Dr Mohamed Soudan, Foreign Relations Secretary of Egypt’s democratically elected Freedom and Justice Party, led by President Mohammad Morsi, and one of five members of the Muslim Brotherhood’s Arbitration Committee that arbitrates between members of the MB at all levels of the organisation, discusses the remarkable story of Islamic Turkey. Follow this three-part series which explores the transitional era of Turkey, from the struggles of Professor Necmettin Erbakan in a staunchly secularised political climate through to President Erdogan and his path to excellence.
The history of political Islam in Turkey
Part 1 | Part 2 | Part 3
The recent momentous events in Turkey, and indeed those we witnessed in 2013 in Egypt, both similar in impetus and nature yet different in consequence, remind us of an imperative era in history. We are reminded of Turkey’s ‘transitional era’, the period in which it rid itself of the despotism of military rule and tyranny that suffocated it, ever since the downfall of the Ottoman Empire in 1924 and the ascension of Zionist-sponsored, secular Mustafa Kemal Atatürk to power.
The Islamic story of struggle was led by Professor Necmettin Erbakan soon after the fall of the Islamic Caliphate in 1924. This occurred when the then President Kemal Atatürk was using everything in his repository to distance the Turks from their Islamic identity under the pretext of catching up with Western ‘progressiveness’.

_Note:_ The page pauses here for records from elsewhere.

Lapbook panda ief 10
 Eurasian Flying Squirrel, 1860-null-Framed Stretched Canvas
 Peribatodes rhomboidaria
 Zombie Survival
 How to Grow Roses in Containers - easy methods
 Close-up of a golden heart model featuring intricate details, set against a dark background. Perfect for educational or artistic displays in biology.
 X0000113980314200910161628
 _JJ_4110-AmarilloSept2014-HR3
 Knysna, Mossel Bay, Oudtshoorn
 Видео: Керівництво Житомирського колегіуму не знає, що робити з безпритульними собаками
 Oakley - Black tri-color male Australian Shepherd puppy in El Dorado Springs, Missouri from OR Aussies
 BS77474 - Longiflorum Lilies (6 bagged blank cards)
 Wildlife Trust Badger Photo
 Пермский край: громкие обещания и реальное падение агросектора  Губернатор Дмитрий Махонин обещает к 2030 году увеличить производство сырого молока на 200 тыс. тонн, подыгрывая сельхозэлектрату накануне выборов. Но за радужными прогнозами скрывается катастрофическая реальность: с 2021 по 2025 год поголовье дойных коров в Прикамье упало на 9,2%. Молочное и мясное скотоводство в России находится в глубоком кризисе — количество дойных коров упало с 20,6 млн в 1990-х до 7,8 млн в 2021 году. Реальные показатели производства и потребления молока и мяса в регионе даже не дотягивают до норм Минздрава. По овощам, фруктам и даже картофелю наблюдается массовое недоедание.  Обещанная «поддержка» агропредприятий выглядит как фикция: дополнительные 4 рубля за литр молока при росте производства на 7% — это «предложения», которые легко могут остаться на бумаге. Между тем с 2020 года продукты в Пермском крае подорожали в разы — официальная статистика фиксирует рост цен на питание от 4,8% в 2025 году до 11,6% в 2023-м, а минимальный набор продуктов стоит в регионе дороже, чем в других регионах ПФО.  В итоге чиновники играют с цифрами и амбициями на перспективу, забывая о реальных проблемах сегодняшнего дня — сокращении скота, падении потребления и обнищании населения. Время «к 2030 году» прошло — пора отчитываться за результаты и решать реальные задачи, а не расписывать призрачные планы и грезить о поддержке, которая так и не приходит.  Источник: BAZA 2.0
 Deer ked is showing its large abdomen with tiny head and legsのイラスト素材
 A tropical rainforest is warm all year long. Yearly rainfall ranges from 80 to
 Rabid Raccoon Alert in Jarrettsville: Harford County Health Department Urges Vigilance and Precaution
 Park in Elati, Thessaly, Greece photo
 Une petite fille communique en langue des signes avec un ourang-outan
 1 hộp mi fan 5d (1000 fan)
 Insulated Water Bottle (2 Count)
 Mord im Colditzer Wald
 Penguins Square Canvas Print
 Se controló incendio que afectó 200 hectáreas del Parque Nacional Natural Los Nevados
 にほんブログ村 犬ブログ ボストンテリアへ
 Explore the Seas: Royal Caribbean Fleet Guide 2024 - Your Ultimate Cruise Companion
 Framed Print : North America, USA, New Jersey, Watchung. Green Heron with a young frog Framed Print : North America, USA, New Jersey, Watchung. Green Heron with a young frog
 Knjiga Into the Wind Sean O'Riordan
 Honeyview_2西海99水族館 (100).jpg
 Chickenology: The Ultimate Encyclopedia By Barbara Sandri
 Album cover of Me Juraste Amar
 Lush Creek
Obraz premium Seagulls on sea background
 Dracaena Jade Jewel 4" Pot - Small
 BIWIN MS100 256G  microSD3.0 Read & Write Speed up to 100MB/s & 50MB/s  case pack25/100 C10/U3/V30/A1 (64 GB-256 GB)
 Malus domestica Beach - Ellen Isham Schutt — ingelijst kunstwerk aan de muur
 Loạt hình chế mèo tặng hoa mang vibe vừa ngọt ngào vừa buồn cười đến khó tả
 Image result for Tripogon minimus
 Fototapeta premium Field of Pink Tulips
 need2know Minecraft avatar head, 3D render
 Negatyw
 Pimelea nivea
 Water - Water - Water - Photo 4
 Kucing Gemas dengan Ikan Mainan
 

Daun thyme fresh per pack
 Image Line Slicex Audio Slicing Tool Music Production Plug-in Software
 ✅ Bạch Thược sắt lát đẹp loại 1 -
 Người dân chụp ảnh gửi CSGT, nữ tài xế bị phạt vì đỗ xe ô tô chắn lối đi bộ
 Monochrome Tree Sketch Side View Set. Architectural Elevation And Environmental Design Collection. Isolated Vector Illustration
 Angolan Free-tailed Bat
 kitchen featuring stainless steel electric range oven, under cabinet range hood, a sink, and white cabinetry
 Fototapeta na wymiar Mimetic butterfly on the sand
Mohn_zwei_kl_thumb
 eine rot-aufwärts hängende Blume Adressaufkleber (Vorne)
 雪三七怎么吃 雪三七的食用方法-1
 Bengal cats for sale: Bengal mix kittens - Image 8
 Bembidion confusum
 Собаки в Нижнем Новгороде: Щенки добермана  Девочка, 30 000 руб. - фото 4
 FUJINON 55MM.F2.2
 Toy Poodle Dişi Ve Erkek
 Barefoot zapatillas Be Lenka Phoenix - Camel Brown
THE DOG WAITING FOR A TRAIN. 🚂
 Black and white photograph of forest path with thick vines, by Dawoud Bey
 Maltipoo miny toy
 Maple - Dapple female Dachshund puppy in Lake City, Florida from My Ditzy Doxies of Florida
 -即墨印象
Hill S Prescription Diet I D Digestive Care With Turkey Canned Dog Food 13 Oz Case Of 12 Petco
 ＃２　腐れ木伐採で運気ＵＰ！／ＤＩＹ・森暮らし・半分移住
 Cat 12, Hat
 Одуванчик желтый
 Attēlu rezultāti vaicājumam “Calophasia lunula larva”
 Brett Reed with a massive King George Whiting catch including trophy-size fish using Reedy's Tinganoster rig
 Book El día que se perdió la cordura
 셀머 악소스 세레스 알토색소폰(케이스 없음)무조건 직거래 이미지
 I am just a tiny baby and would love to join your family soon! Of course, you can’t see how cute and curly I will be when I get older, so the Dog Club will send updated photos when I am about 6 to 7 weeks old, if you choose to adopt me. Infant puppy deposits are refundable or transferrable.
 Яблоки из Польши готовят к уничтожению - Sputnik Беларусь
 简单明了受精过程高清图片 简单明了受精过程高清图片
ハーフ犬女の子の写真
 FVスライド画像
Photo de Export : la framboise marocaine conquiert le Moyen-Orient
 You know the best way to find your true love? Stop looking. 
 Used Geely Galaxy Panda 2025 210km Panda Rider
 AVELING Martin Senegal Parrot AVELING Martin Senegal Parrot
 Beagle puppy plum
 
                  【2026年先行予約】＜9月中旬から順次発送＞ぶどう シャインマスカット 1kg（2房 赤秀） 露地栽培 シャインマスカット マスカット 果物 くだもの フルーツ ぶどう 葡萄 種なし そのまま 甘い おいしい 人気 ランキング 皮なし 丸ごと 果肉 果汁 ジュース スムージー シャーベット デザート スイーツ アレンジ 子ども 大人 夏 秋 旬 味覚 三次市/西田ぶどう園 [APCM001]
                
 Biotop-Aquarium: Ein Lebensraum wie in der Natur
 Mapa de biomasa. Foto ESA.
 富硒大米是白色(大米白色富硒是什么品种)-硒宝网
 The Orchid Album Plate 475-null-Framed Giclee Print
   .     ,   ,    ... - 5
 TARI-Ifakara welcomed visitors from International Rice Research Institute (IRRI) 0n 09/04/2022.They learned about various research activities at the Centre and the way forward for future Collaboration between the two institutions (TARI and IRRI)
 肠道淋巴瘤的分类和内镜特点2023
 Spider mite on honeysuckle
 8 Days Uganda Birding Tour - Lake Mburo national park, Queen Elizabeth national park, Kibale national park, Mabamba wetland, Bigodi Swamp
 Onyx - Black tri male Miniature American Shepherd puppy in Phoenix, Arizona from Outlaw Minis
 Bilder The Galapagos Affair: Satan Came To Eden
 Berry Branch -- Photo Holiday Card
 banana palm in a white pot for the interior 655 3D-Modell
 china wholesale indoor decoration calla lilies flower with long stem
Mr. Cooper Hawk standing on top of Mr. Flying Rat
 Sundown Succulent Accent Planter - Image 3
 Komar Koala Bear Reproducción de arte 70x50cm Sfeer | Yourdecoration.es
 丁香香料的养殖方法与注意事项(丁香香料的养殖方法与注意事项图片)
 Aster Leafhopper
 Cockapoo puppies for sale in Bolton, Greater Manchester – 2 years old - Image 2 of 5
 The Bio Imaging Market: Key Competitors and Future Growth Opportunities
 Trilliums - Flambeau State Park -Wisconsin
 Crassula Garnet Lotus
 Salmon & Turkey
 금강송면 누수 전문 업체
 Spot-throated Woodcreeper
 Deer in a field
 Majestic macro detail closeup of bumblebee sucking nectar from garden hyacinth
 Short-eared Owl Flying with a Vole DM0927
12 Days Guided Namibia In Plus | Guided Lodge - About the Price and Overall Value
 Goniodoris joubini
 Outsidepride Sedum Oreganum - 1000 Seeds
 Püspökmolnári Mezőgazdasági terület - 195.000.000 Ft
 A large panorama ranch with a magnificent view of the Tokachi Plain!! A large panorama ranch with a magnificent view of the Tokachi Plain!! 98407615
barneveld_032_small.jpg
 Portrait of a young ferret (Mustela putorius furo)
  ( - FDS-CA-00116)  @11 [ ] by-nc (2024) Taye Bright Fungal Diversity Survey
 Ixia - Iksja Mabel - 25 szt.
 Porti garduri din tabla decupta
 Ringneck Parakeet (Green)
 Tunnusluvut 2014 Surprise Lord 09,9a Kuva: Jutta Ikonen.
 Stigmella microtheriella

The Turks exhausted every means to defend their Islamic identity against the secular Atatürk-driven onslaught against their deep-rooted values. This occurred alongside successive arbitrary laws and procedures that sought to adopt Western dogmas to drive people away from the Islamic Shari’ah. Despite limited success in formally realising his secular ambition, it failed catastrophically to remove the effusive inner Islamic sentiment held by the resistant Turks.
Necmettin Erbakan’s Never-dwindling Resolve
The light of Islam began to radiate again at the hands of Necmettin Erbakan. He returned to Turkey on completion of a PhD in Mechanical Engineering at the world-renowned RWTH Aachen University in Germany.[1] Erbakan later received an MA and second PhD in Islamic Studies from King Saud University and began teaching at the University of Istanbul,[2] before becoming a prominent political activist and figure in the Justice Party (AP) which was, at the time, headed by Süleyman Demirel. Further to this, he was recognised for a number of significant industrial achievements in the sixties after assuming a variety of professional roles.
Erbakan never hid his Islamic tendencies, despite it being against the norm during this period and, as a result, incurred waves of criticism from his secular compatriots. When pressure mounted, Süleyman Demirel decided to remove Erbakan from his party’s nominee list, sensing the increasing influence of its religious members. A turning point was marked in the life of Erbakan when he chose to pursue his vision as an independent nominee to the historically religious city of Konya, one that forever maintained its Islamic identity.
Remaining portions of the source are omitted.